Big data technology has had massive implications for the financial industry. Banks, credit card companies and other financial service providers are leveraging big data in unprecedented ways.
One of the biggest benefits of big data is with loan and mortgage processing. The use of data can be crucial for credit card companies and those offering loans and mortgages. The Forbes Technology Council discussed these benefits in an article last spring.
The ability to carry out checks on credit histories, income, employment and expenses can play a huge role to learn from previous customers and determine which are the best customers to pursue and which to avoid.
We speak to two finance startup founders to get a better idea of how they use data effectively to do underwriting, grow and scale their businesses.
Initial Approval
Data is vital for the initial approval of a credit card or loan. A customer’s journey typically starts with filling in a few details via an online form, often taking around 5 to 10 minutes. From this, the lender is able to determine a customer’s profile and whether they meet the initial criteria which might be having a certain minimum age (e.g 18 or 21), having a permanent residence and regular employment.
This initial data can help siphon out any applicants who will not be eligible and who are not worth pursuing.
For Underwriting and Funding
“For underwriting and deciding who is going to be approved for a loan, the use of data is everything,” explains Richard Dent of Finger Finance. This is a great example of how big data has changed the financial industry.
“We are always looking at data, including new customers that come in and fundamentally historical data and trying to spot trends of customers who paid us on time and who have not.”
“We use this data to change our decision rules, and this could let in more customers to the final stages or stop any that are not deemed worthy. We will find examples whereby a woman over 35 in a certain location and earning a certain amount have a 8% chance of defaulting on their loans. From here, we know that we can operate profitably at a 15% default rate – we will use data to alter our decision rules and look at this type of customer more favorably.”
To Minimize Default Rates
Trying to lower default rates is of paramount importance to credit card, mortgage and loan vendors. You ideally want to find customers who repay and do not default, even though this is inevitable.

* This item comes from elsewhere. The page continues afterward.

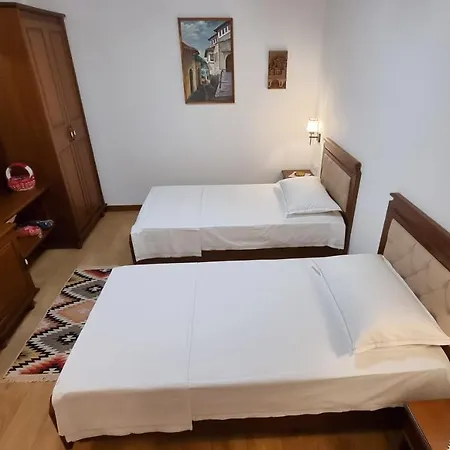 住宿加早餐酒店 Master 4*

This is where loans like those that consolidate unsecured debt can be risky, as there are less assets to seize if the customer does not repay their loan.
“We therefore try to find shared characteristics of customers who default,” continues Dent.
“Do they live in certain areas, have certain professions or is it the loan amount or credit limit that they cannot handle?”
“We will analyze this data constantly to improve our processes and lower the default rate wherever possible.”
To Reduce Fraud
“Fraud is a huge financial burden for us as a lender and credit provider,” explains Richard Allan of business loans provider Funding Zest.
“Whether it is through fake applicants or stolen details, fraudsters are always looking for new and innovative ways to game our system to loans with no intention of paying them back.”
“We use data to find any patterns in the fraud. There are some obvious cues when the name of the customer does not vaguely resemble their email address or if we have seen the same mobile number come up on various occasions.”
“Otherwise, we look for patterns in the time of day, number of applications and even loan amounts to spot fraud and avoid it from being a huge liability on our business.”
It is expected that big data will continue to change the trajectory of the financial industry for years to come.